You may want to configure the iptables to block some incoming traffic and allow access only to particular protocols and ports. Here is a quick introduction. Use iptables -L -v to check current valid rules. In case you wrongly add a certain rule, use iptable -D [rules] to delete a cerain rules, check this for reference.

If you block or drop some important ports (i.e., 22, 80, 8080), you might lose the SSH connection or HTTP connection.

IPtable explanation:

IPtables are like rule books that are used when a connection tries to establish itself on the server. The tables find a matching rule and take the corresponding action or use the default rule if no match is found. In the assignment we could add the ACCEPT rule for connections through ports that we know are being used by the required services (Such as port 22 for ssh etc.) and place a default rule to block all connections. Thus all required connections would be allowed and others would automatically be blocked.

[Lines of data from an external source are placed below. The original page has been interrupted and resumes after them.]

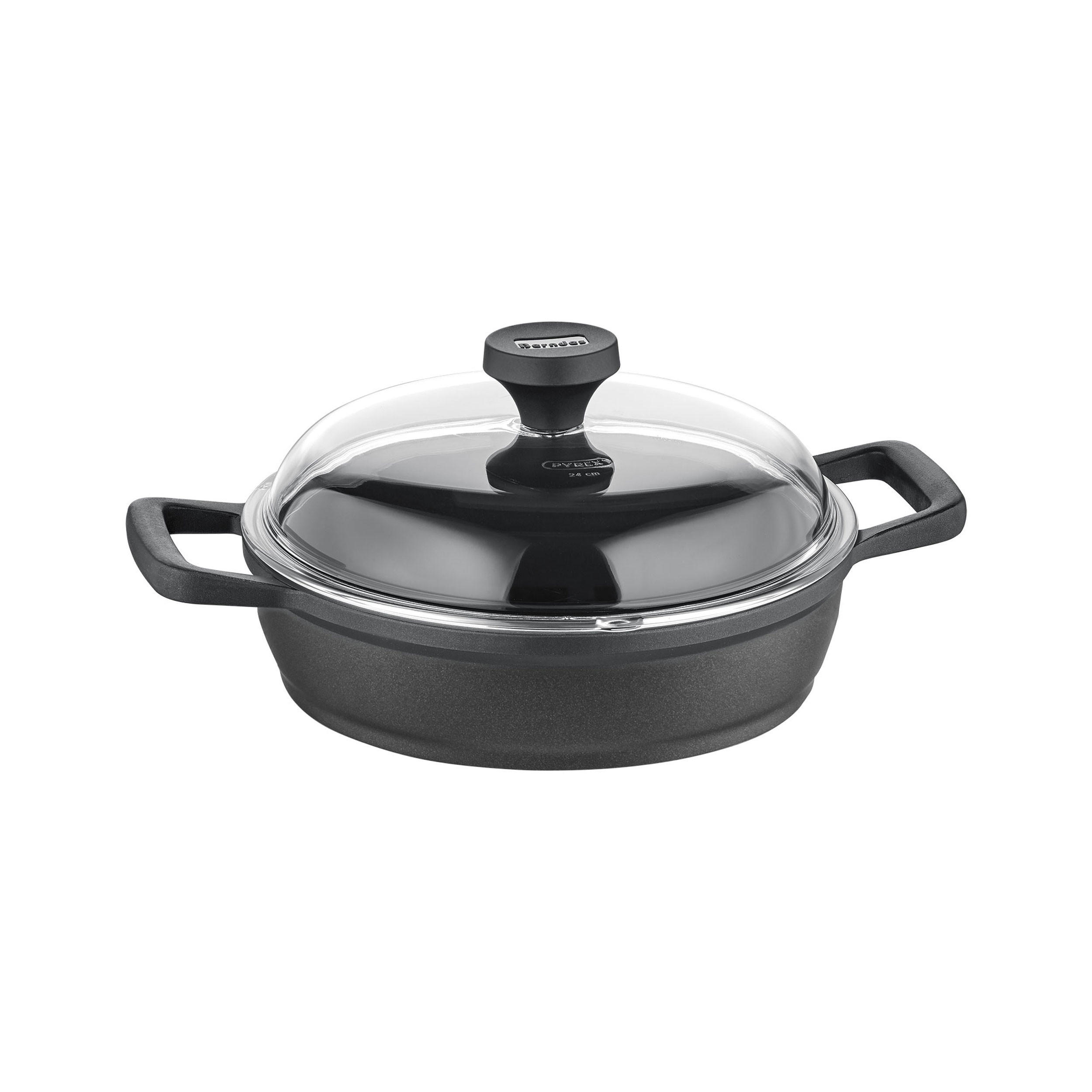 SERVIERPFANNE Edition 100 mit Deckel, Aluguss, Schwarz, 28 cm - Schwarz, Metall (35.5/35.5/7.5cm) - Berndes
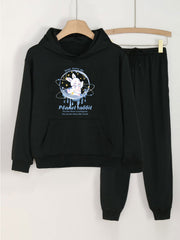 2pcs Planet Rabbit Print Hooded Outfit For Girls Hoodie & Pants Set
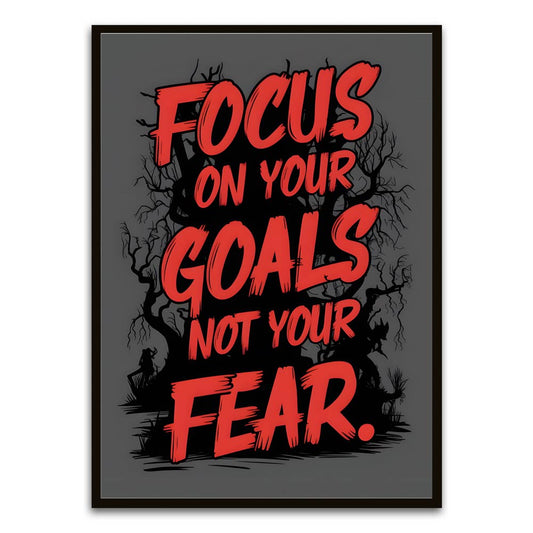 Focus on your goals Black Printed frame acrylic canvas Frames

It is very important to remember and save the changes that have been made to the iptable, otherwise all the rules will get deleted the next time the ip table servise is restarted. To save the ip table use the following command in Ubuntu: sudo /sbin/iptables-save

To further understand IP tables here are a few good resources:

Tips

  1. If you cannot ping external resources on the inner machines, you can: 1) check if your server is able to ping outside or not; 2) check if the dns-nameservers is set in all four configuration files;(In order to resolve DNS host name you should add dns-nameservers line when you configure etc/network/interfaces on four machines as indicated above, otherwise the inner machine can only ping external IP address.) or 3) check carefully the spelling of your configuration files. 4) check /etc/sysctl.conf is well modified.
  2. When setting the iptable protection, make sure you don't block the SSH. Just set the iptable on the losalamos according to the iptable minimum requirements table shown above.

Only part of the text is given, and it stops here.